Brandi Studley

Candidate for Ward 1

1. What is your position on requiring masks to be worn due to Covid-19 concerns? 

“I think if masks would have been made mandatory at a national level, then we would not have seen the number of deaths we saw in this nation.  I think it is sad that we have leaders that seem to want to mix science and politics for their own political gain.  Wearing a mask has nothing to do with freedom, and everything to do with health and safety.”

2. What are your views on policing in Norman, including the budget, FOP contract, and SRO program?

“I think that it is time we reimagine policing in our country.  Our city is no exception.  Even police feel their duties have grown beyond the scope of the job.  By creating other departments who deal specifically with mental health or drug use related calls, this will allow for not only safety for those residents, but will allow the police to do their actual job of fighting crime.  I feel that SRO is a school-to-prison pipeline and police have no business in our schools, police are here to fight crime, period.  In Norman we have documented proof that the SRO officers have more contact with Black and Brown children and this is not okay and does nothing to harbor healthy relationships.  In fact it is intimidating and distracting to some students.  The FOP is a dangerous union that doesn’t hold police accountable and in fact, relies on taxpayer money to pay families restitution for crimes by cops.  I think it is in poor taste for the city to negotiate these types of terms for officers and doesn’t allow for true accountability.”

3. What are your views on the militarization of police and acquisition and use of military-grade weapons by the police department? 

“Absolutely not, we are not the enemy, we are citizens.  In fact, when this grant proposal came about, Chief Foster mentioned that they heard after the election there was going to be violent BLM rioting, however,  this never happened and the only people who rioted were Trump supporters,  off duty officers, and Unite Norman supporters and as we all watched, the police didn’t break out their riot gear for that.”

4. What should the city of Norman do to address the numerous racial justice issues that have come up in recent years?

“I feel that the city should be more transparent in discipline actions as well as admitting there is an issue in the first place.  We have to face racism head on and call it out when we see it and deal with it swiftly and justly.”

5. How should Norman address the needs of the homeless population? 

“Stop throwing money at “looking at the problem” and start to fix it.  Other cities use pilot programs to try things before making it official.  Why can’t we try out some of the other programs with tent cities or small houses that cost $1000 each as a temporary housing situation until those people can get into a permanent brick and mortar house that they city currently requires and follows?  As much as I appreciate what Food & Shelter, Thunderbird House, Transitions and other agencies are doing, it is not enough in comparison to the number of unhoused people we have in the community.  We also have issues with the state contributing to our homeless situation and they are not held accountable by sending mentally ill homeless to Griffin from across our state because there is an opening and then instead of taking them back to the cities they came from, they are released to homelessness in our city.”

6. What are your views on infrastructure and environmental justice issues in the city, including stormwater, public transportation, accessibility, and land use?
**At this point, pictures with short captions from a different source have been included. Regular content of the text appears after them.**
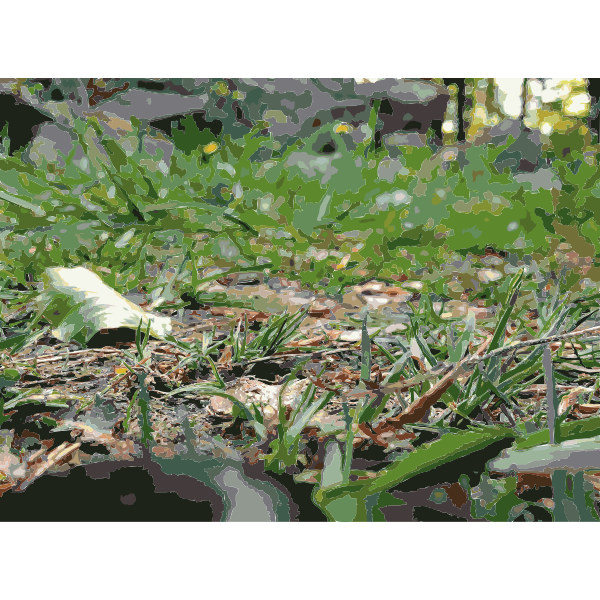 SVG Lichtscheid Forest Again 3 2015071546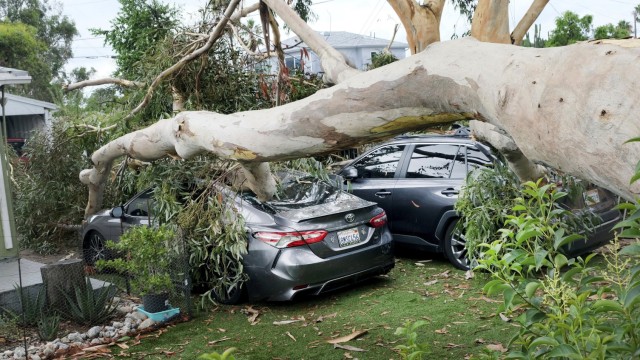 California: A huge eucalyptus tree landed on two cars - the owners in the house next door were not injured.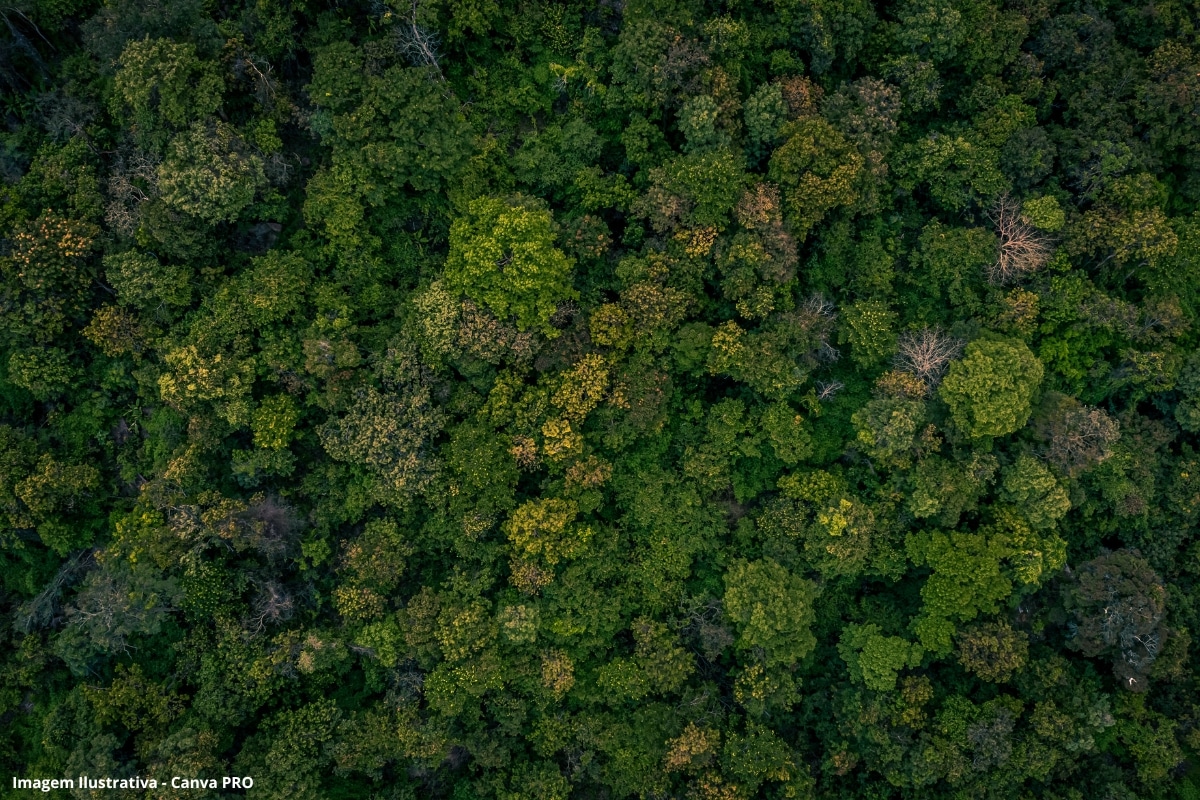 Governo Reforçar Floresta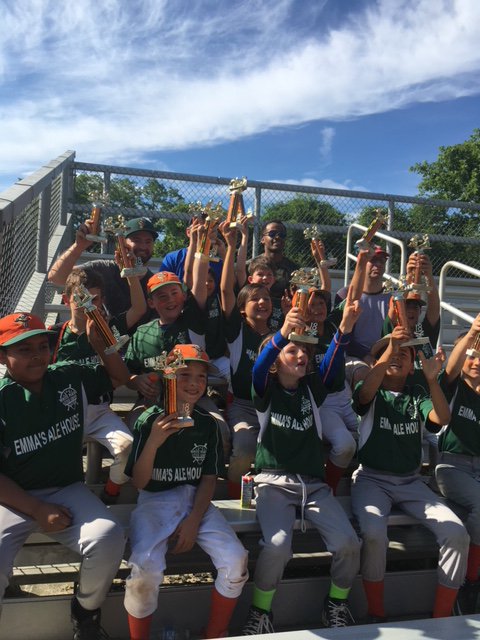 Team Emma's wins the White Plains Little League Minors AA 2018 Championship!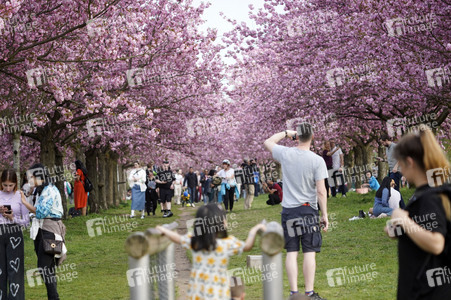Kirschblüte in Berlin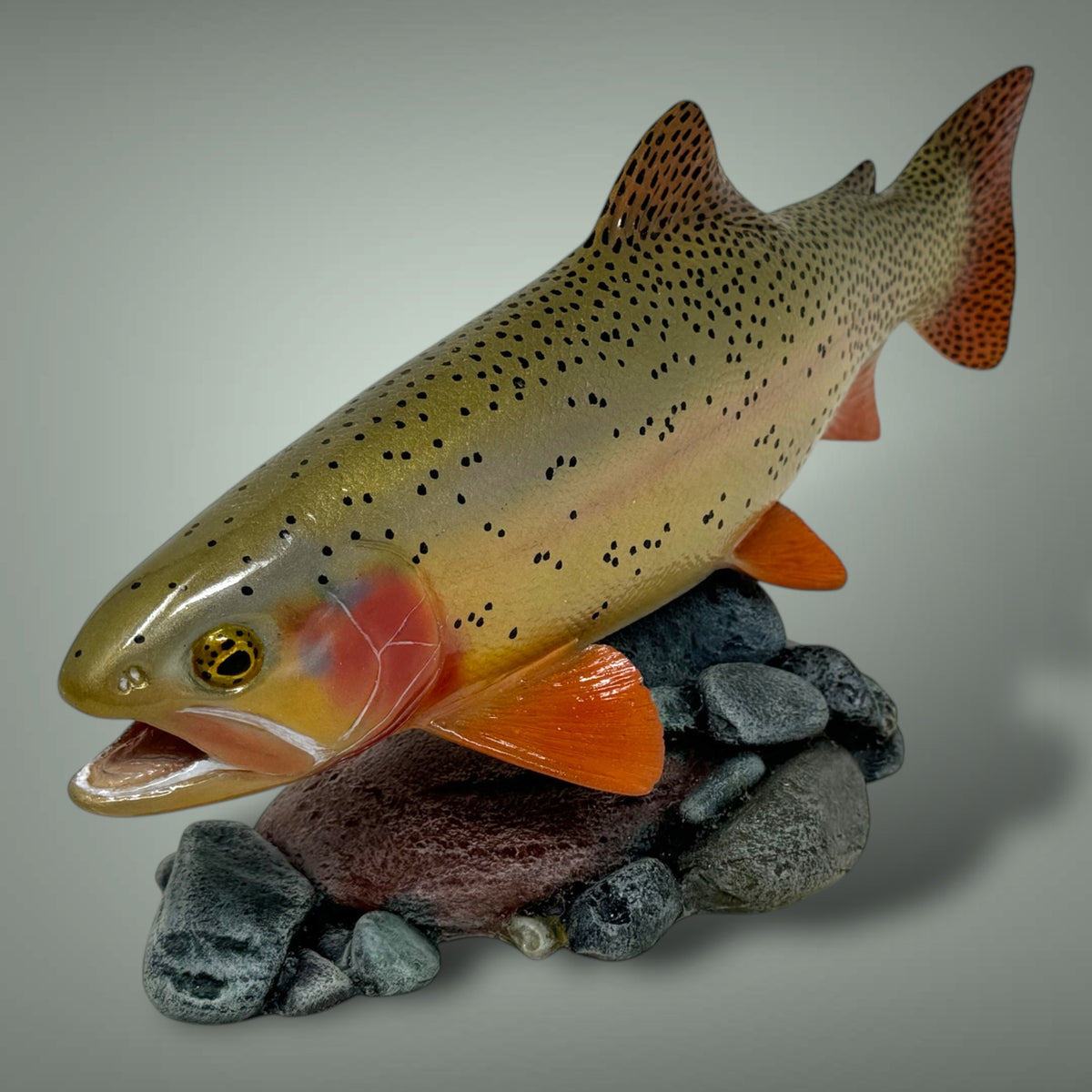 Cutthroat Trout Pedestal mount 12”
“I feel that we as a city need to really focus on these items first before we continue to build and expand.  We have so many empty buildings and land areas that could be rebuilt or reused.  For public transportation,  we need added stops and more options for daily use for those with disabilities.”

7. What do you think about the numerous Inclusive Community Subcommittee of the Human Rights Commission recommendations surrounding the homeless, a sanctuary city, updating Norman’s history of oppressed communities, etc.? Which of the recommendations from the Inclusive Community Subcommittee would you support?

“I would support all efforts, except those that increase student contact with SROs by adding them to our elementary schools.  If cops want to make a good impression, then go into neighborhoods after school and get to know the kids and families in communities you serve.”

8. More Oklahomans are facing housing and food insecurity as a result of the coronavirus pandemic. How would you address this issue as a city council member? 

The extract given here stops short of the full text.